В подобных случаях «весьма кстати» приходятся как типовые приемы
совершения преступлений, так и националистические, расистские и
социал-реформистские лозунги, в изобилии предлагаемые СМИ и Интернетом. Вражды
и ненависти, в том виде, в каком определяет их законодатель в п. «е» ч.1 ст.63
УК РФ, может не быть вовсе. Зато у малолетнего громилы или «виртуального»
провокатора появляется возможность примерить романтический ореол борца за
«общее дело» или «народного мстителя».
Так, 21.05.2006 г. два молодых человека, имевших короткие стрижки,
одетые в голубые джинсы и высокие ботинки, напали на участников уличного
шествия кришнаитов в г. Ярославле, избили гр-на Ч. Хулиганы были задержаны и
доставлены в милицию, где они заявили, что «на протяжении длительного времени
считают себя сторонниками националистической идеологии, скинхедами».
Задержанный Ж. «пояснил, что религиозной ненависти он не испытывает,
однако их (кришнаитов, вайшнавов — А.Р.) поведение, манеру одеваться считает
ненормальным и вызывающим. Напал на кришнаита из чувства личной неприязни,
каких-либо целей грубо нарушить общественный порядок или вызвать у окружающих
ненависть к вере кришнаитов не имел».[11] А
кто-то ожидал услышать пассажи из
Чемберлена и Киплинга? Остаётся гадать, на кого в следующий раз окажется
направлена агрессия недорослей, у которых от идеологии — одни «берцы» да лысые
головы.
По мнению Д.А. Корецкого, полностью разделяемому автором, «сегодняшний
убийца, бандит, разбойник и пресловутый террорист задолго до своего главного
выхода на криминальную сцену дебютирует в актах хулиганства, нанесении
оскорблений и побоев окружающим. Если первый же преступный «дебют» повлечет
адекватное реагирование, второй — ещё более жесткое наказание, то тяжкое
преступление может и не состояться».[12]
Таким образом, анализ
мотивации преступного поведения необходимо проводить с учетом особенностей развития
конкретного правонарушителя и особенностей эскалации его девиантного поведения.
В структуре мотивов преступного поведения подростков преобладают не корыстные
мотивы, а брутальные и агрессивные мотивы, выражающие стремление к обладанию,
доминированию, разрушению в наиболее примитивных формах.
Действие в
соответствии с этими мотивами «за пределами» межличностного общения в малой
группе, в сфере взаимодействия персонально неопределенных субъектов
правоотношений, характеризует хулиганские проявления. В сфере коллективного
взаимодействия различных социальных общностей те же мотивы характеризуются как
экстремистские или даже террористические, - в зависимости от непосредственных
целей виновных.
Наконец, для того,
чтобы реально затруднить мотивацию преступного поведения у несовершеннолетних,
меры правового воздействия должны применяться к ним уже на ранних стадиях
развития девиантности. Соответственно, и возраст привлечения к уголовной
ответственности за совершение преступлений, предусмотренных частями вторыми ст.
115, 116 и 117 УК РФ должен быть снижен до 14 лет. Порядок производства по
делам частного обвинения в этих случаях тоже не должен применяться.
Поступила в редакцию 19 декабря
[1] Цит. по: Ферри Э. Уголовная социология /Пер. с итал. М., 2005 С.210-213.
[2] Криминология Учебник. Изд. 2-е / под ред. В.Н. Кудрявцева, В.Е. Эминова М., Юристъ. 2000. С.485.
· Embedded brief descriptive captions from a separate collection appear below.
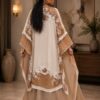 Premium Evening Dress with Lace Cape - Cream & Gold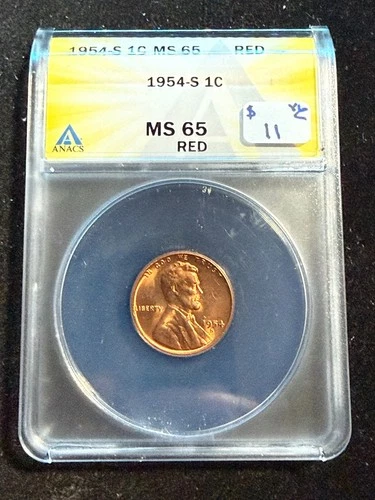 1954 S LINCOLN WHEAT CENT ANACS MS 65 RD 161
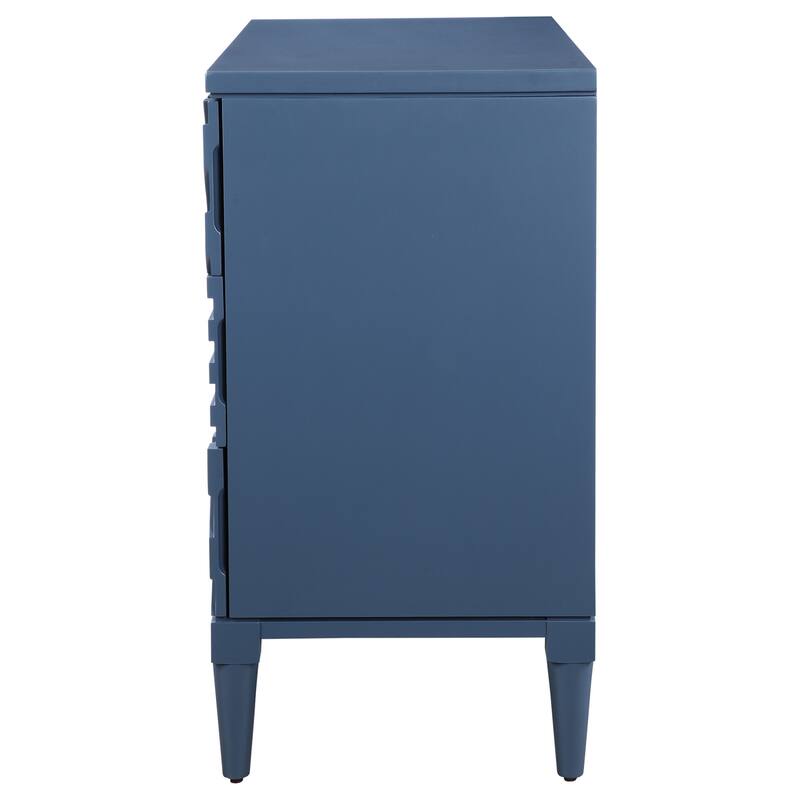Uttermost Colby 36" Wide 3 Drawer Rubberwood Dresser - Deep Sea Blue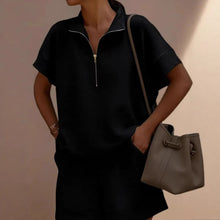 Load image into Gallery viewer, Women's Solid Color Sweatshirt Set – Casual 2-Piece Short Top &amp; Pants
[3] Гаврилов Б.Я. Способна ли российская статистика о преступности стать реальной? // Государство и право. 2001. № 1. С. 47; его же: Новеллы уголовного процесса на фоне криминальной статистики // Российская юстиция. 2003. № 10. С.5-7.
[4] Фромм Э. Анатомия человеческой деструктивности /Пер. с англ. М., Республика. 1994. С.163-164.
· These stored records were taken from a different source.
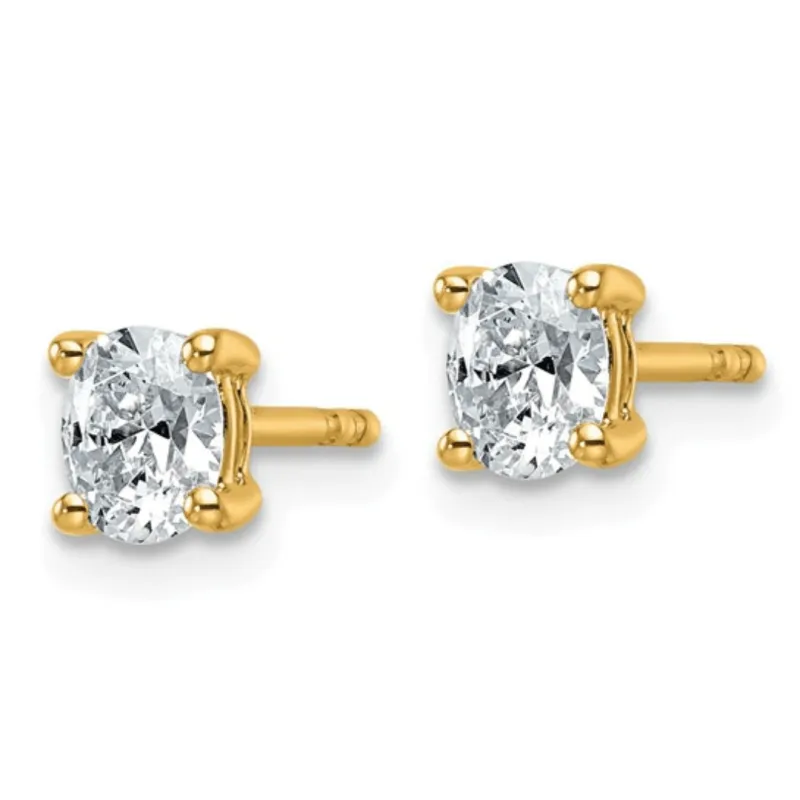 14k Yellow Gold Lab Grown Diamond Oval Solitaire Stud Earrings made by Zulily
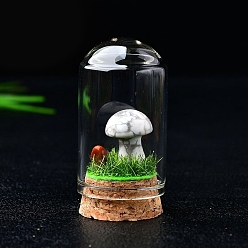 Говлит Украшения для демонстрации грибов из натурального говлита, со стеклянной крышкой, для украшения рабочего стола домашнего офиса, 20 мм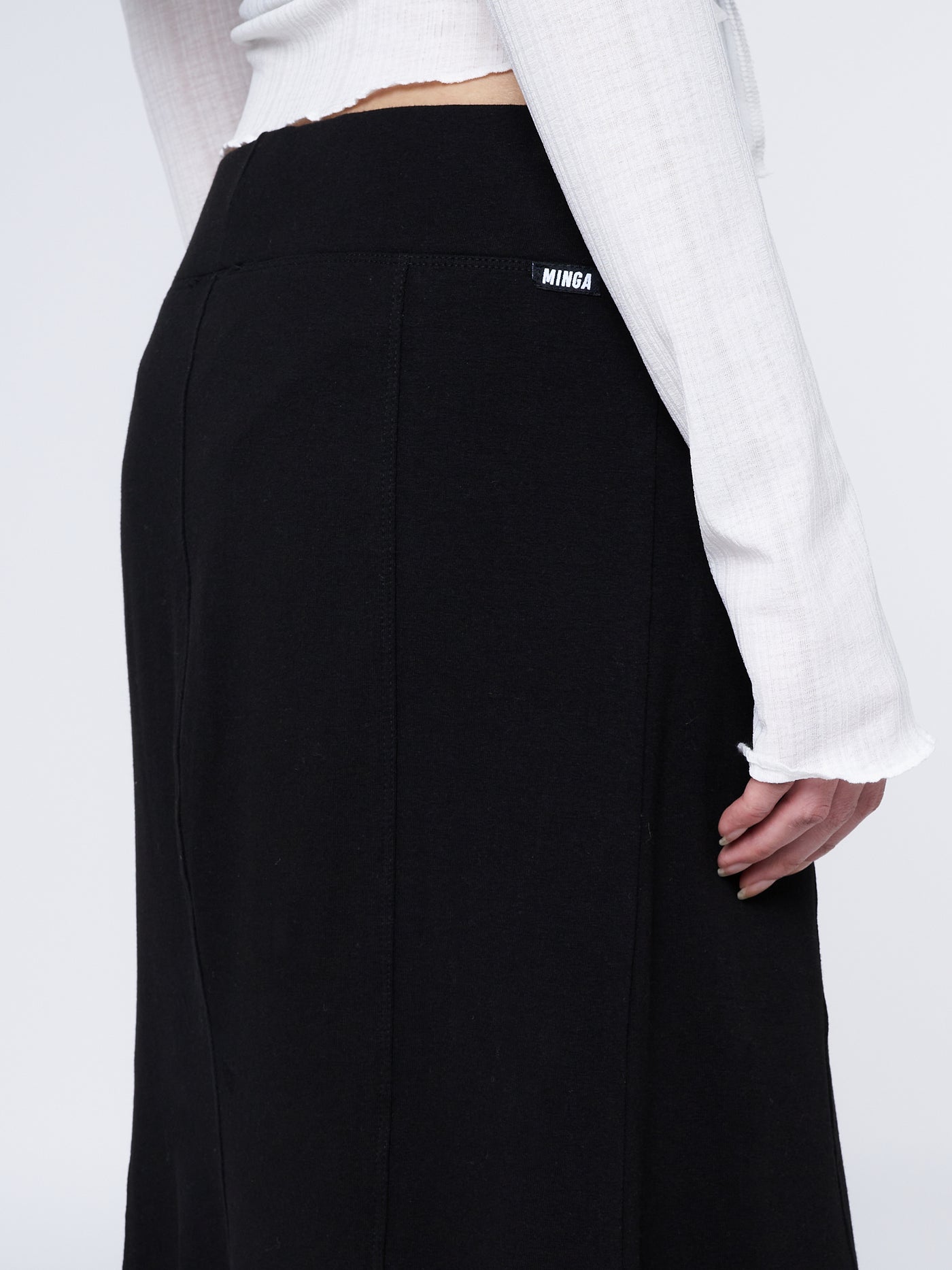 Aria Black Lined Maxi Skirt - Minga London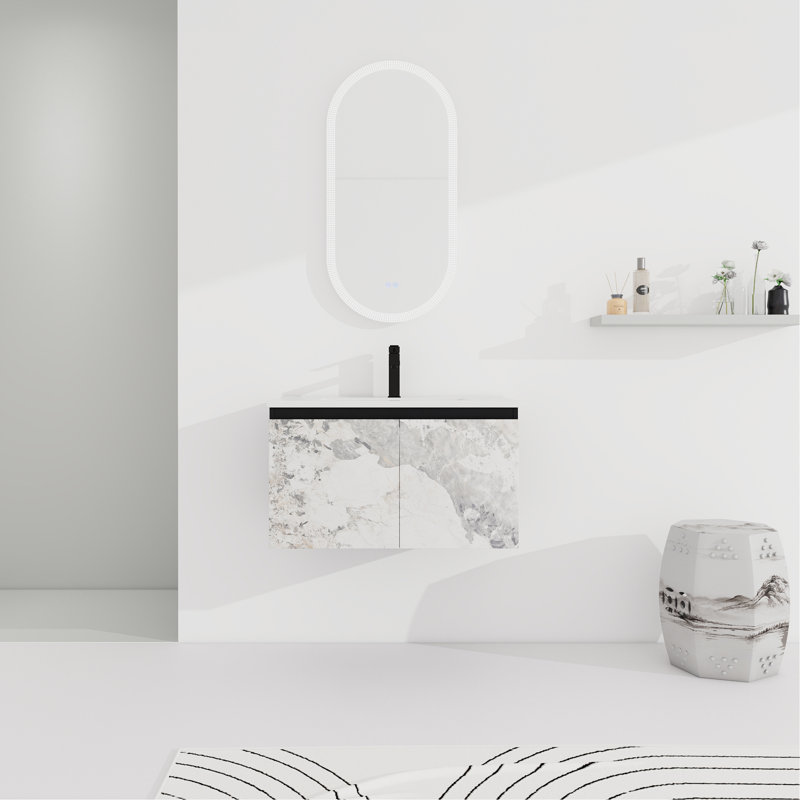 Meuble-lavabo mural flottant 30 po avec lavabo en céramique et porte d'armoire à fermeture en douceur, ensemble KD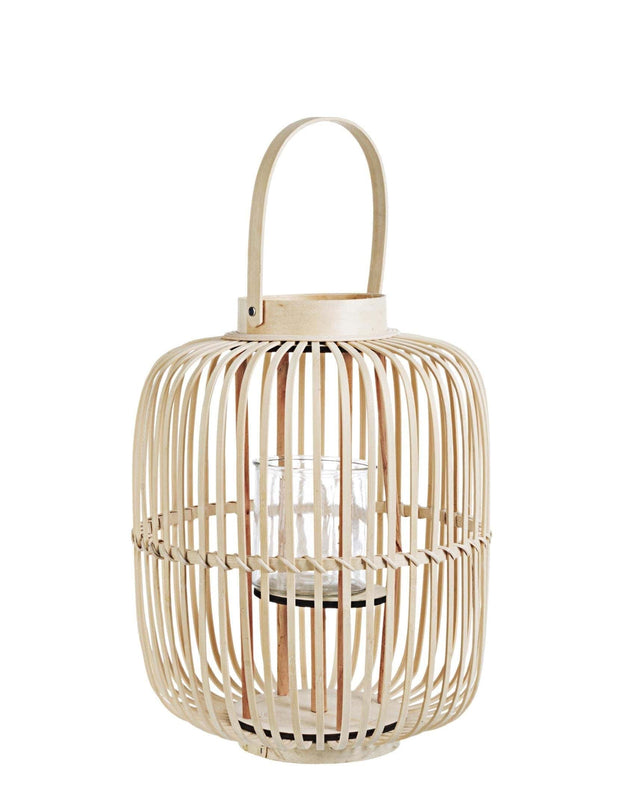 Felinar decorativ din bambus si sticla Merille Natural, Ø34xH42,5 cm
[5] Фенько А. Наркомания хуже воровства // Коммерсантъ – Власть. 2002, май, С.17.
[6]
Бэйзмор Г. Три парадигмы ювенальной юстиции // Правосудие по делам
несовершеннолетних. Перспективы развития. Вып.
[7] Калмыков В.Т. Хулиганство и меры борьбы с ним. Минск. 1979. С.70-75.
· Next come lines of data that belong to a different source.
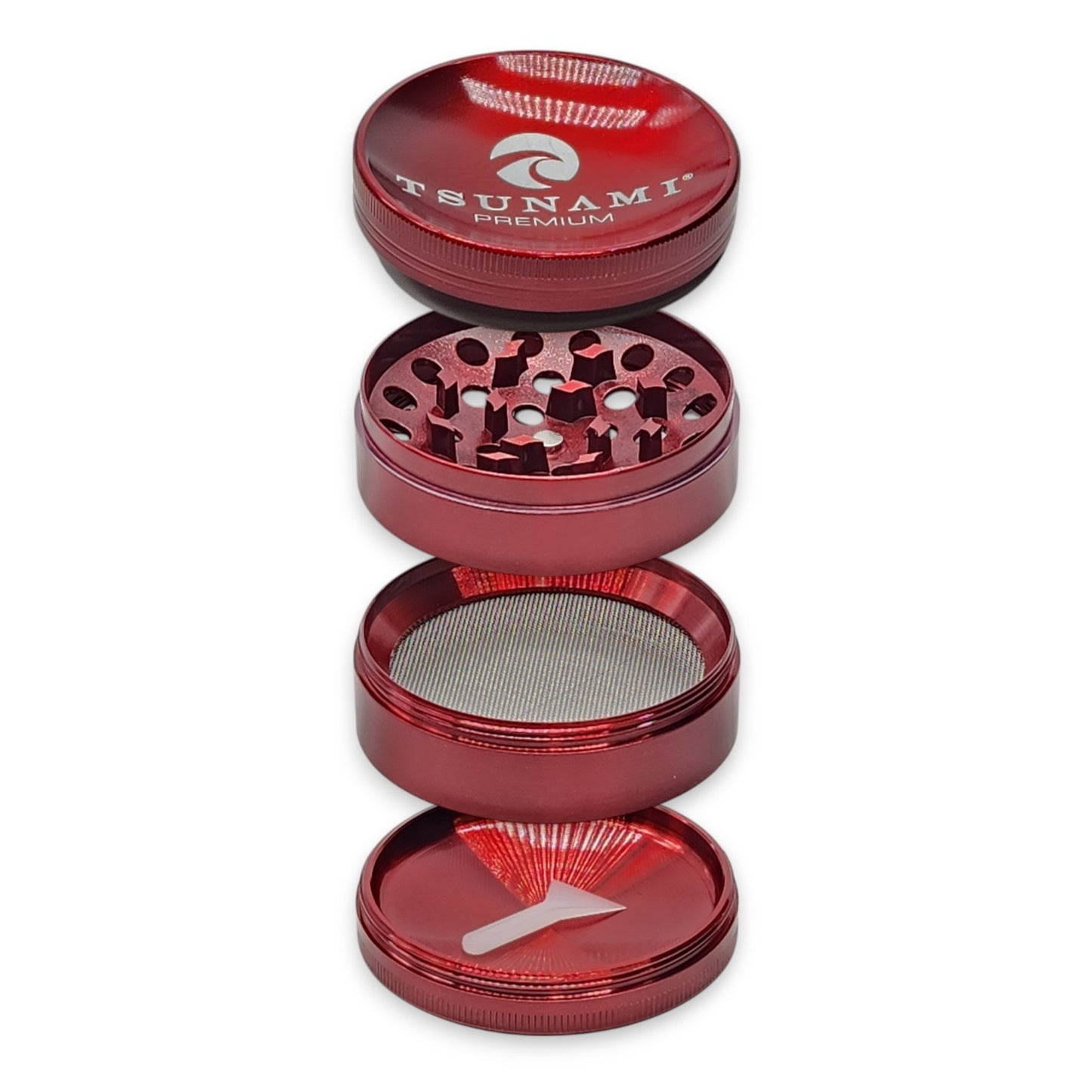 2.5" Tsunami Chromium Finish 4 Piece Grinder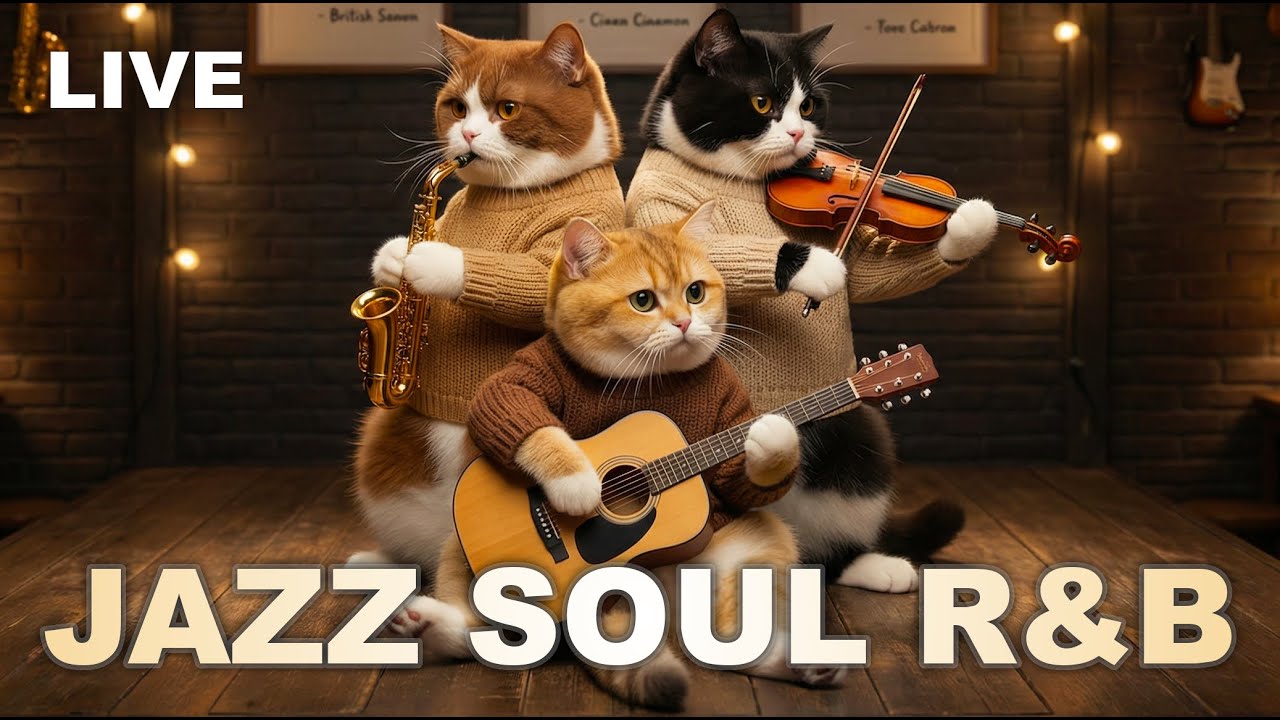 Smooth Jazz Soul R&B Instrumental – Focus & Work Music | Jazz Meowlody Live From Cafe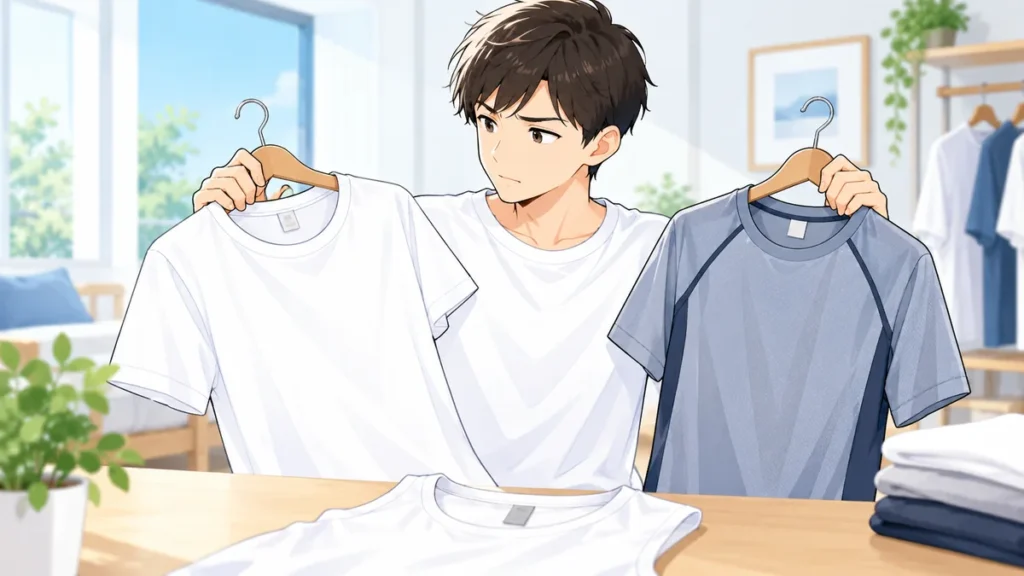白い綿Tシャツとスポーツシャツを見比べる男性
[8] Яценко С.С. Уголовно-правовая охрана общественного порядка. Киев. 1986. С.10.
[9]
Портал Credo.Ru– 9 июня
[10]
Портал – Credo.Ru. 22 июня
[11] Информация ЦОС УВД Ярославской области.
[12] Корецкий Д.А. Европейские стандарты и российская криминальная действительность // Законность. 2006. №1. С.35.